__Supplied material__:
- - -

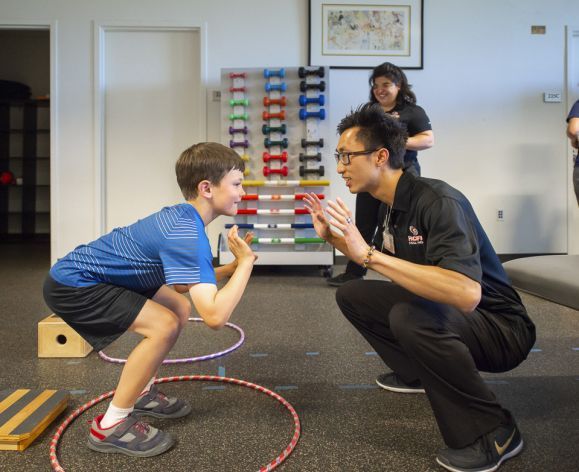 PT student working with child in clinic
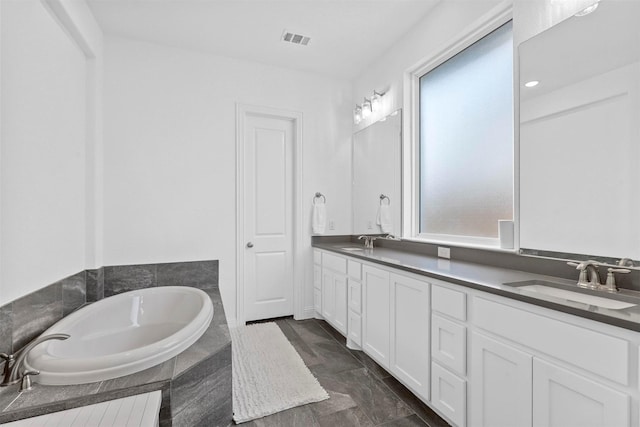 full bath with a bath, double vanity, a sink, and visible vents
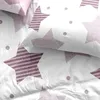 A close-up view of bedding with a star pattern. Produktbild-Vorschau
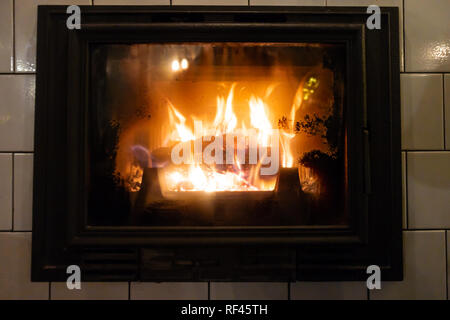 Ein Brennen in einem Holzofen log liefert Wärme für den Raum. Stockfoto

- - -

__Exercise brief__:
Go through the material above and retype every line exactly, without the images.

__Reply__:
 PT student working with child in clinic
 full bath with a bath, double vanity, a sink, and visible vents
 A close-up view of bedding with a star pattern. Produktbild-Vorschau
 Ein Brennen in einem Holzofen log liefert Wärme für den Raum. Stockfoto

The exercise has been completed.